When I was practicing law, we generated a huge quantity of paper documents. For example, let's suppose I got a new client who was involved in litigation. I had to "open a file," that is, create a place to store documents and other items associated with that case. In this example, the "file" was a physical manila file folder. Each file was assigned a number, usually consisting of a year and an accession number (a number assigned to each new file in the order they were created) i.e. 2001-1, 2001-2 etc. We had a completely manual file system. At this point, we had a choice, we could organize the files by file number or alphabetically by the surname of the client. We could also separate files into topics, such a probate, litigation, corporate and so forth. A single file could be one piece of paper or a room full of boxes. A single civil litigation case could generate tens of thousands of pages of documents.

As an aside, while I was working at the Arizona State University Law Library as a Reference Librarian, there was a whole room in the library devoted to one lawsuit, Arizona v. California, 373 U.S. 546 (1963).

Notwithstanding our legal file organization, we spent a huge amount of time looking for files and even more time looking for specific documents. Now multiply that organizational problem by millions and trillions of documents spread across the entire world. Presently, we have over seven billion people generating billions of documents every day, including this blog post.

Genealogists focus on finding people in historical records. To put that into proper perspective, we need to remember that first, we find the records and THEN we can find the people. Most genealogical researchers (nearly all) come to me and say something like, "I am looking for my (Great-great-great-grandfather or whoever)." What they should be saying (and doing) is that they are looking for documents, records, or other similar items that contain information about that ancestor. Remember this, I did't file or organize the information they are looking for. In fact, the documents may never have been properly "filed" or organized. The documents may have been figuratively scattered to the wind.

By the way, looking for a needle in a haystack is really simple compared to finding documents spread across the world as long as I know there is a needle and I have the right haystack.

Genealogists focus on names, dates and places as primary identifiers. They also rely on a system of indexing, that extracts certain information from a document and thus expands the number of search terms available. In doing this, they further rely on the following:

  • The accuracy of the original record
  • The accuracy of the person reading the original record
  • The accuracy of the person recording the information extracted from the original record
  • The ability of the program to identify and distinguish the record from other similar records 
an on and on and on.

In my law example, a record could be "lost" if it was simply filed in the wrong file folder. In our present time of computerized filing systems, a record can be lost in hundreds of different ways. 

For all its sophistication, today's computerize search systems with their search engines, still rely on someone categorizing a document in a specific way by name, date, place, topic and so forth.

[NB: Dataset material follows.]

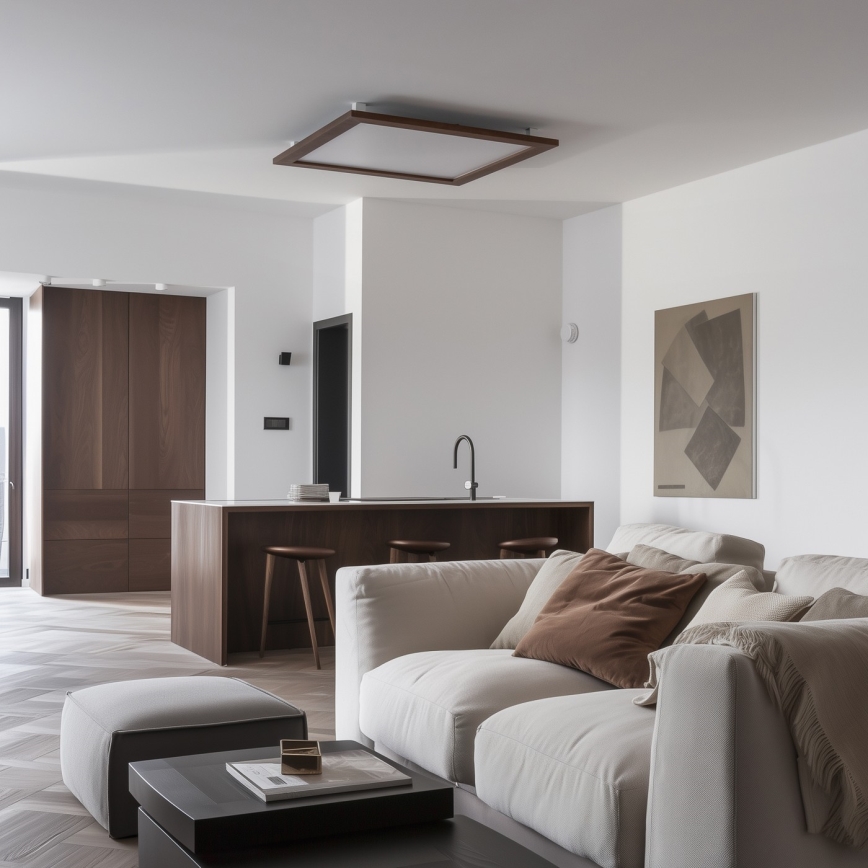 Eglo - LED RGBW Dimbaar bevestigd lichtpaneel SALOBRENA-C WOOD LED/30,5W/230V 2700-6500K 64x64 cm donkerbruin + afstandsbediening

We are all left to try and figure out how the documents we want are organized and what we have to do to find them. This process may be as simple as entering a name into Google or as complicated as searching page by page through an old, hardly readable, microfilm when we do not know if the record we are looking for is there at all. Computers and computer programs are wonders to behold, but they are no better than their basic filing systems.

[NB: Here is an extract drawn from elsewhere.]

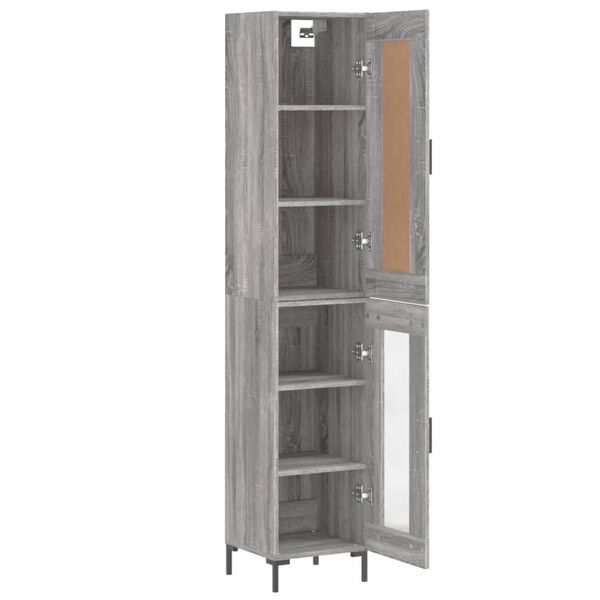 vidaXL Highboard gr&aring; sonoma 34,5x34x180 cm konstruert tre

We now have a movement among those who program computers to implement a user generated filing system involving place names. As I said at the beginning of this post, places are crucial to finding pertinent documents. Many people who have lived on the earth have names and dates so similar that telling them apart is extremely difficult. Adding a place name to the search very often solves the problem. But what happens if the place name is wrong, inaccurate or out-of-date? Hmm. Now we have a real problem. 

Here is an example of what I am talking about. Let's suppose we have an ancestor designated as follows:

John Jones, b. abt 1850, deceased, England.

Would you be able to find this person, just from that information? Like many genealogists, you probably would find a John Jones who was born about 1850 in England. In fact, if I were to do a search in using this information I would get 15,997,760 possible results starting with entries in the U.S. Federal Census. Remember, my John Jones lived in England. 

Most genealogists, rather than recognize that their search was hopeless, would assume that's search engine was "broken." They would then try to be more specific. Here is the conundrum. You would need more information about the person before you could search more specifically when more information about the person is exactly what you are looking for (i.e chicken and egg). 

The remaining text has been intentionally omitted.